EXERCISE DESCRIPTION: Exact copies of the line with "Obraz Reife, rote" and of all lines after it through the end of the entries are required, and no other lines.

INFORMATION SHOWN:

((

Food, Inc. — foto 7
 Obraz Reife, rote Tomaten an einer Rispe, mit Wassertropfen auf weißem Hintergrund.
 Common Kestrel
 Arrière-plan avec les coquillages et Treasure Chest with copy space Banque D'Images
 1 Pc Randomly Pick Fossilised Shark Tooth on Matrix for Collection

))

OUTPUT BELOW:
 Obraz Reife, rote Tomaten an einer Rispe, mit Wassertropfen auf weißem Hintergrund.
 Common Kestrel
 Arrière-plan avec les coquillages et Treasure Chest with copy space Banque D'Images
 1 Pc Randomly Pick Fossilised Shark Tooth on Matrix for Collection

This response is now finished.